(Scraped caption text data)
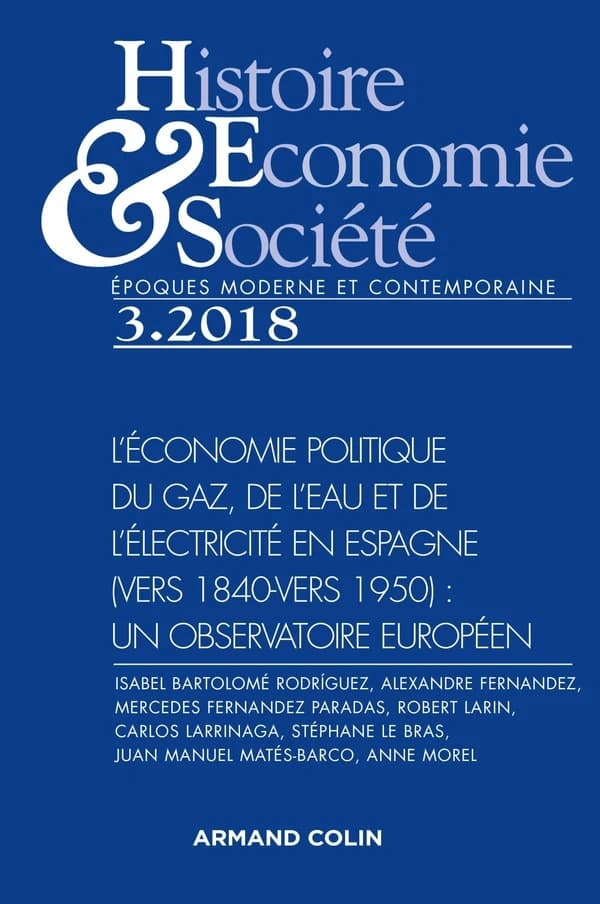 L'économie politique du gaz, de l'eau et de l'électricité en Espagne (vers 1840-vers 1950) : un observatoire européen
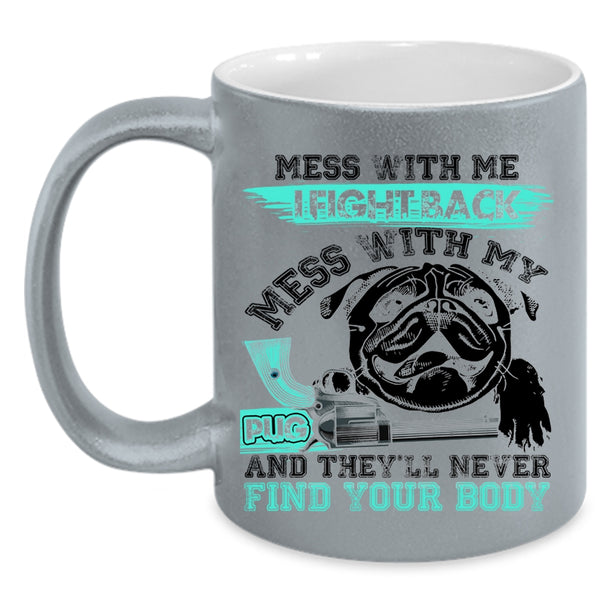 Cool Pug Owners Coffee Mug, Don't Mess With My Pug Accent Mug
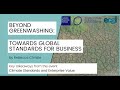 Beyond Greenwashing: Towards Global Standards for Business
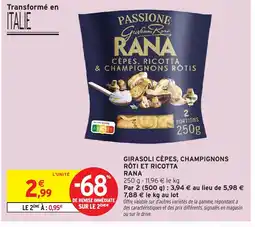 Intermarché RANA Girasoli cèpes, champignons rôti et ricotta offre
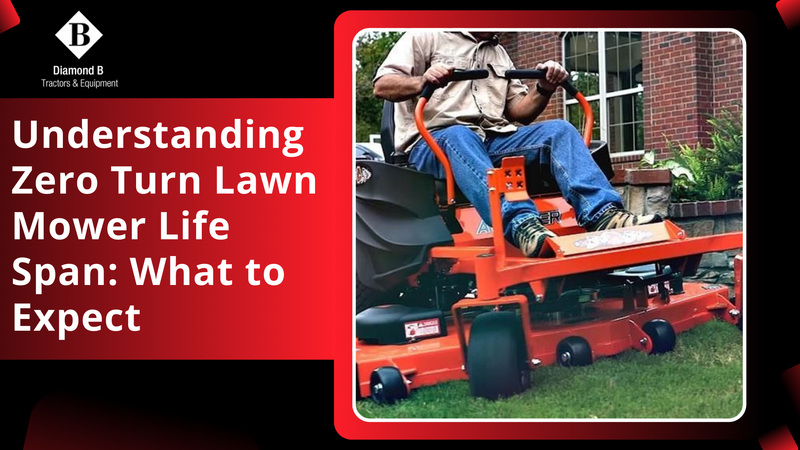 Understanding Zero Turn Lawn Mower Life Span: What to Expect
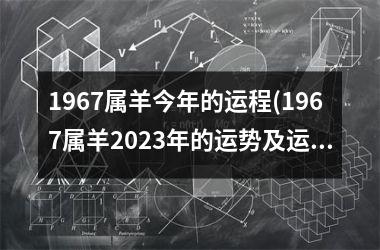 1967属羊今年的运程(1967属羊2023年的运势及运程)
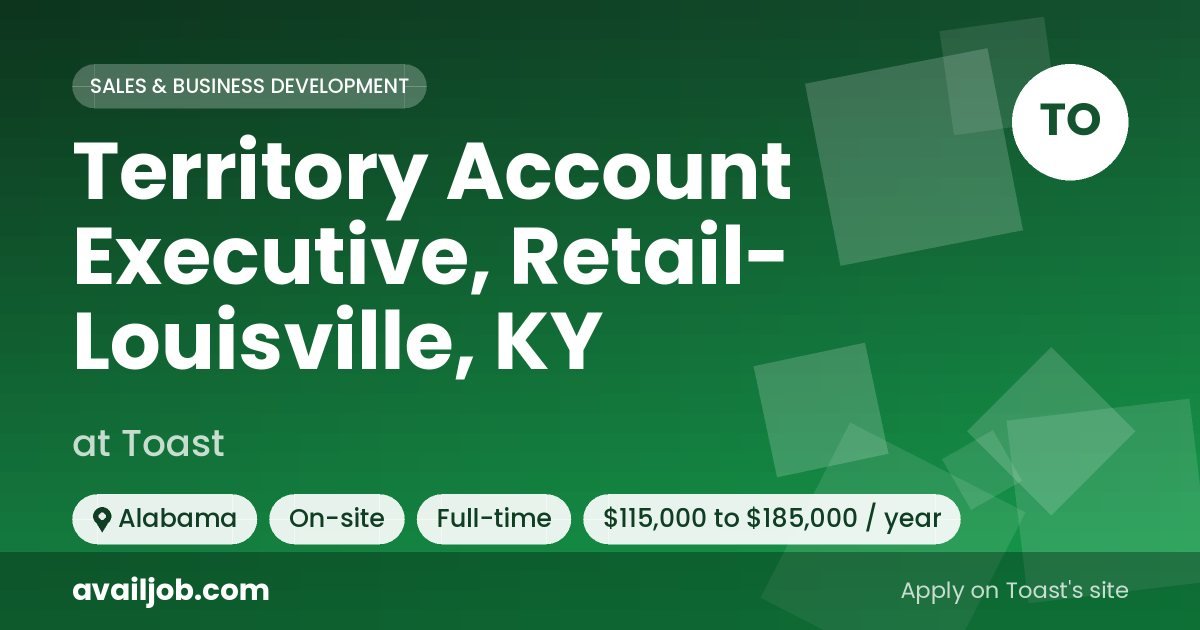 Territory Account Executive, Retail- Louisville, KY job at Toast in Alabama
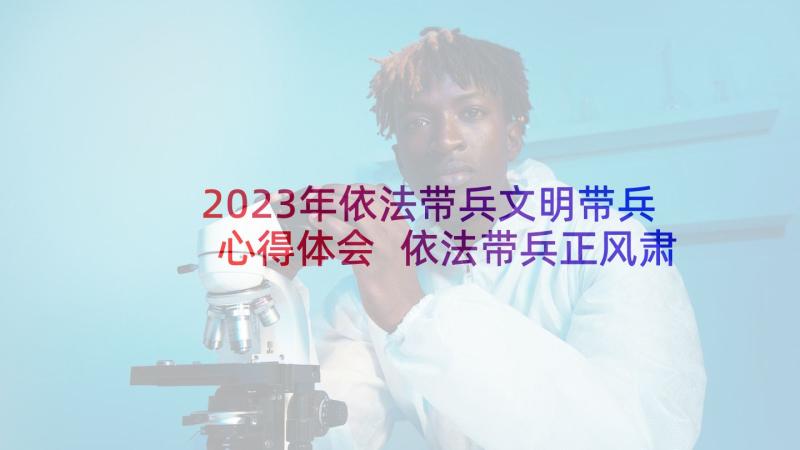 2023年依法带兵文明带兵心得体会 依法带兵正风肃纪心得体会(优质5篇)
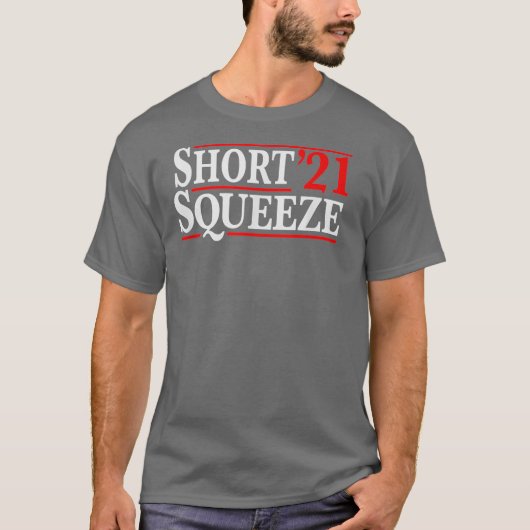 Short Squeeze 2021 Trading Stock Trade Shorting Tシャツ (正面)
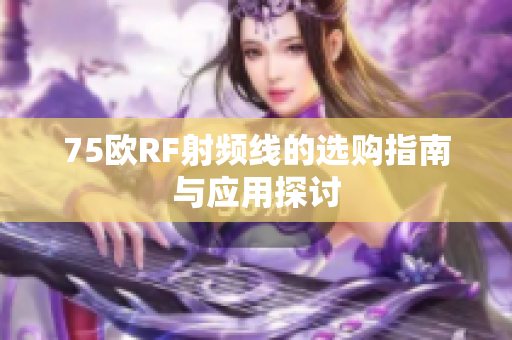 75欧RF射频线的选购指南与应用探讨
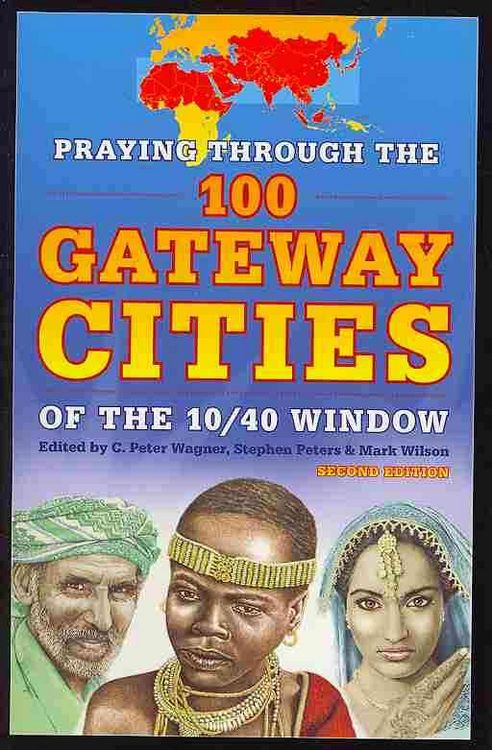 Produktbild: Praying Through the 100 Gateway Cities of the 10/40 Window (2nd Edition)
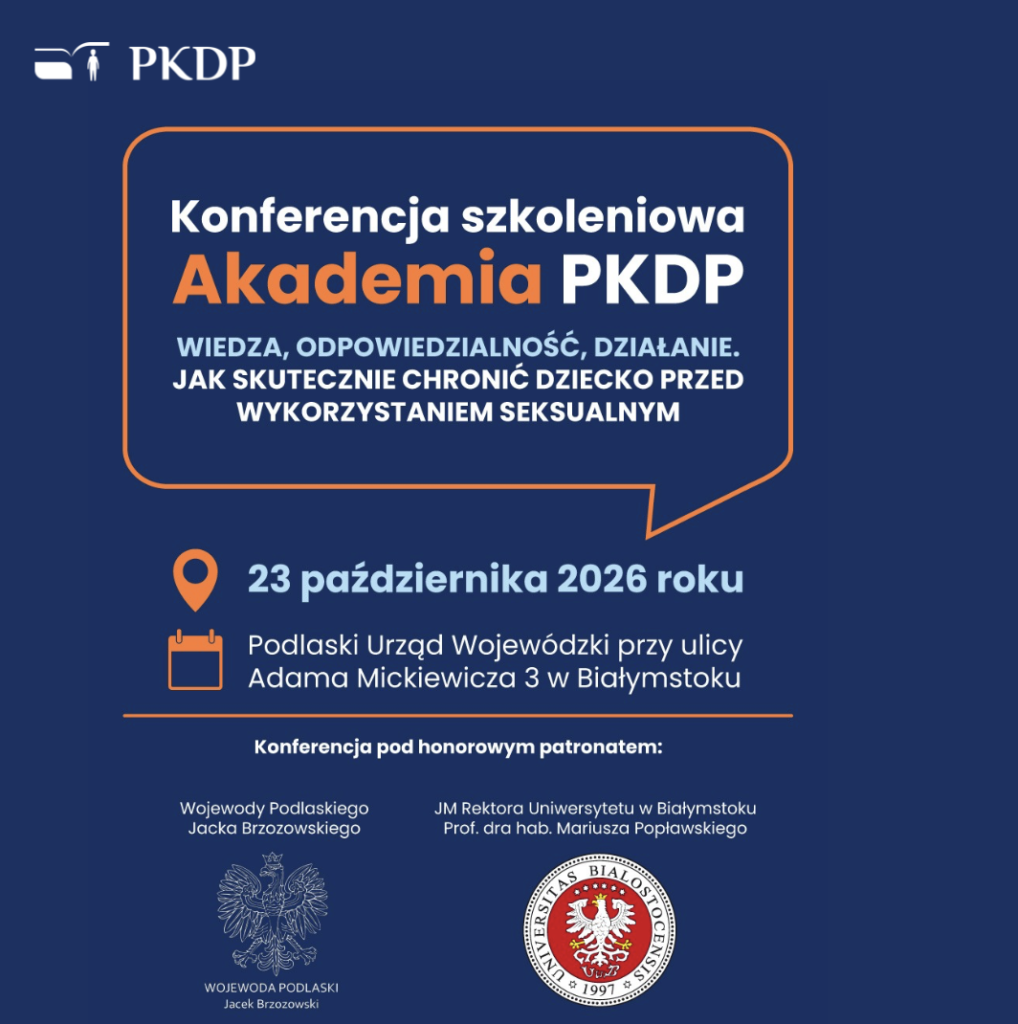 Jak skutecznie chronić dziecko przed wykorzystaniem seksualnym? Konferencja szkoleniowa: „Akademia PKDP. Wiedza, odpowiedzialność, działanie”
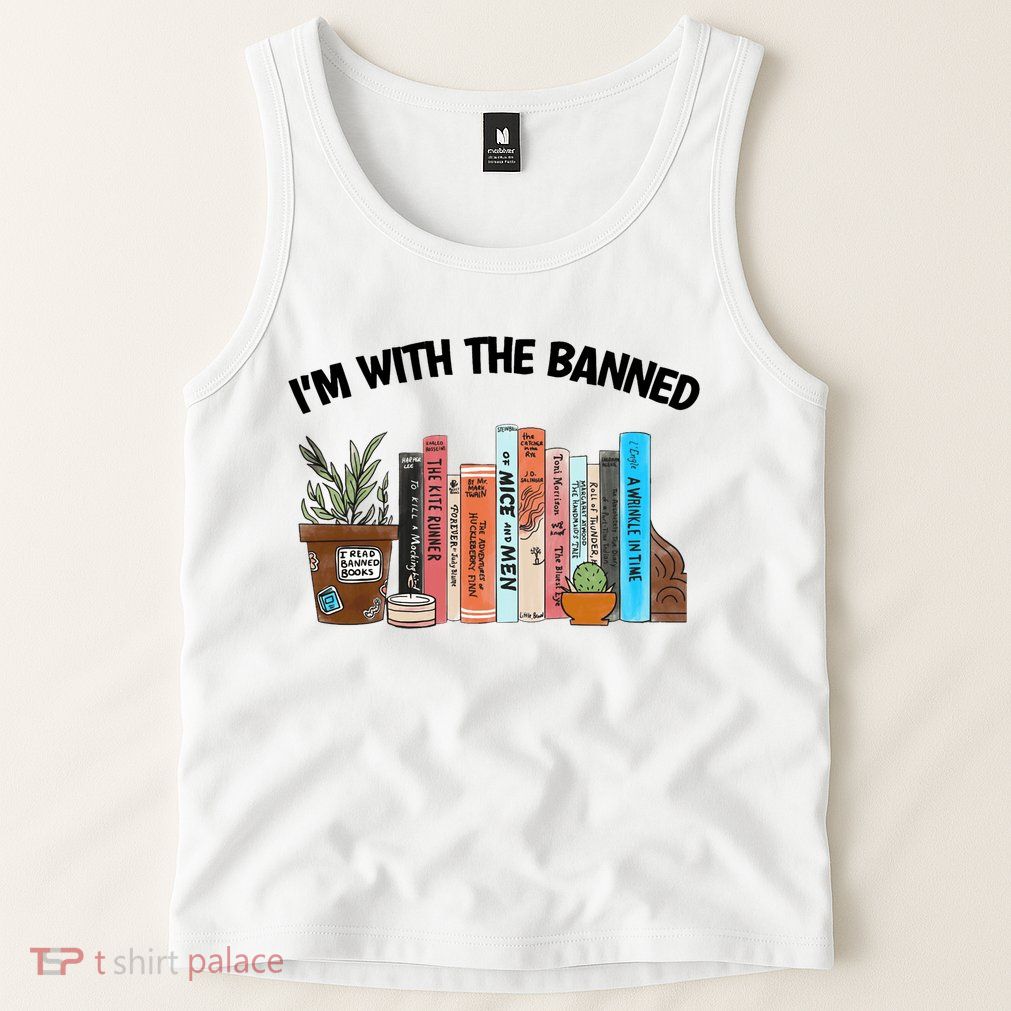 Im With The Banned Funny Book Readers I Read Banned Books Design Tank Top
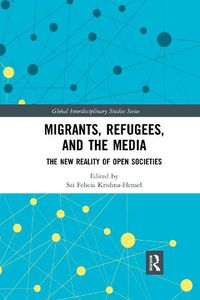 Cover image for Migrants, Refugees, and the Media: The New Reality of Open Societies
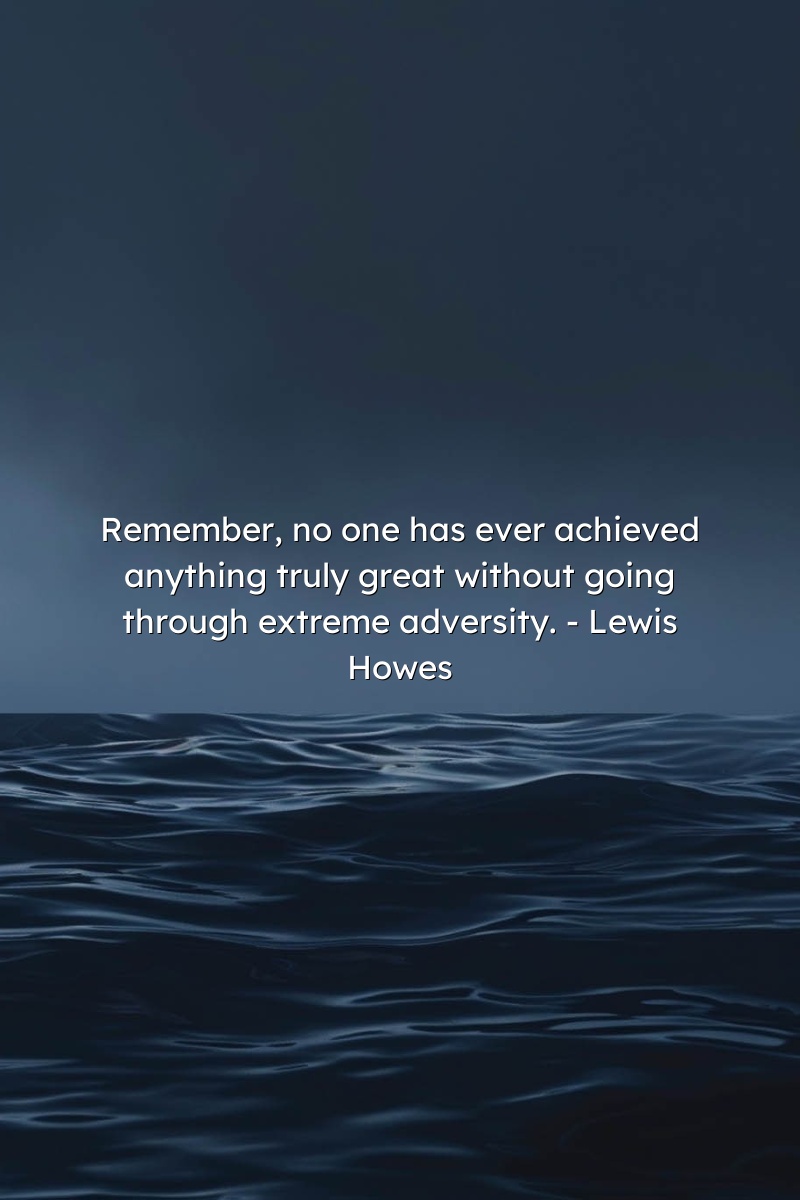 Remember, no one has ever achieved anything truly great without going through extreme adversity. - Lewis Howes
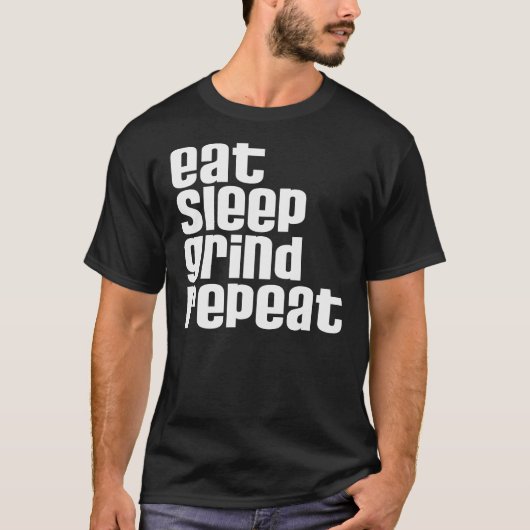 Eat Sleep Grind Herhalen T-shirt (Voorkant)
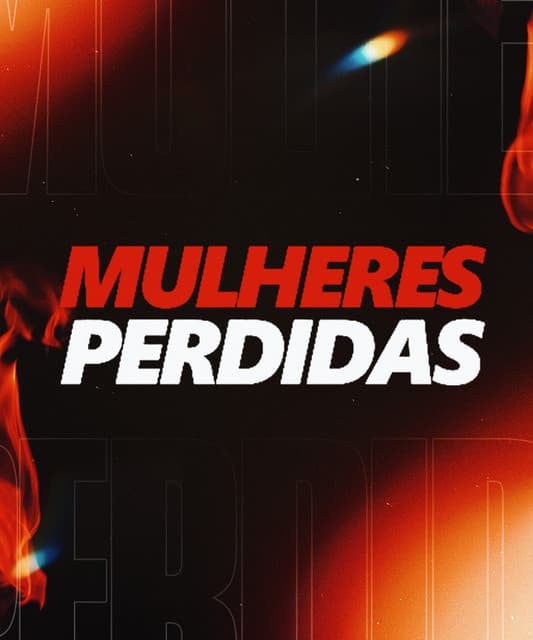 Mulheres Perdidas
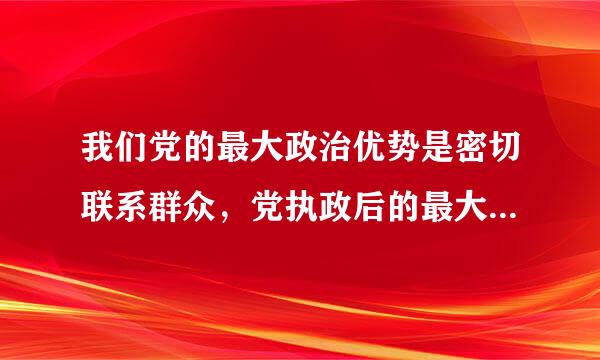 我们党的最大政治优势是密切联系群众，党执政后的最大危险是()。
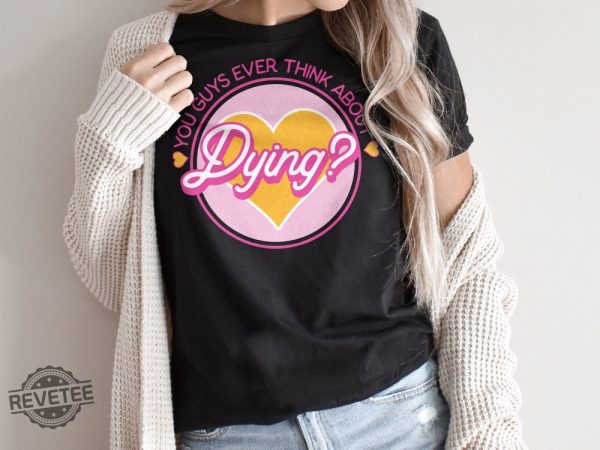 Do You Guys Ever Think About Dying Shirt Barbie Do You Guys Ever Think About Dying Mojo Dojo Casa House You Guys Ever Think About Dying Shirt New revetee.com 2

PROBLEM REQUIREMENTS: Each record must be quoted in full and exactly. Do not include the pictures.

RESPONSE TO THE EXERCISE:
 L'économie politique du gaz, de l'eau et de l'électricité en Espagne (vers 1840-vers 1950) : un observatoire européen
 Cool Pug Owners Coffee Mug, Don't Mess With My Pug Accent Mug
 Beyond Greenwashing: Towards Global Standards for Business
 Intermarché RANA Girasoli cèpes, champignons rôti et ricotta offre
 Understanding Zero Turn Lawn Mower Life Span: What to Expect
 1967属羊今年的运程(1967属羊2023年的运势及运程)
 Territory Account Executive, Retail- Louisville, KY job at Toast in Alabama
 2023年依法带兵文明带兵心得体会 依法带兵正风肃纪心得体会(优质5篇)
 Short Squeeze 2021 Trading Stock Trade Shorting Tシャツ (正面)
 75欧RF射频线的选购指南与应用探讨
 Produktbild: Praying Through the 100 Gateway Cities of the 10/40 Window (2nd Edition)
 Jak skutecznie chronić dziecko przed wykorzystaniem seksualnym? Konferencja szkoleniowa: „Akademia PKDP. Wiedza, odpowiedzialność, działanie”
 Im With The Banned Funny Book Readers I Read Banned Books Design Tank Top
 Cover image for Migrants, Refugees, and the Media: The New Reality of Open Societies
 Remember, no one has ever achieved anything truly great without going through extreme adversity. - Lewis Howes
 Eat Sleep Grind Herhalen T-shirt (Voorkant)
 Mulheres Perdidas
 我们党的最大政治优势是密切联系群众，党执政后的最大危险是()。
 Do You Guys Ever Think About Dying Shirt Barbie Do You Guys Ever Think About Dying Mojo Dojo Casa House You Guys Ever Think About Dying Shirt New revetee.com 2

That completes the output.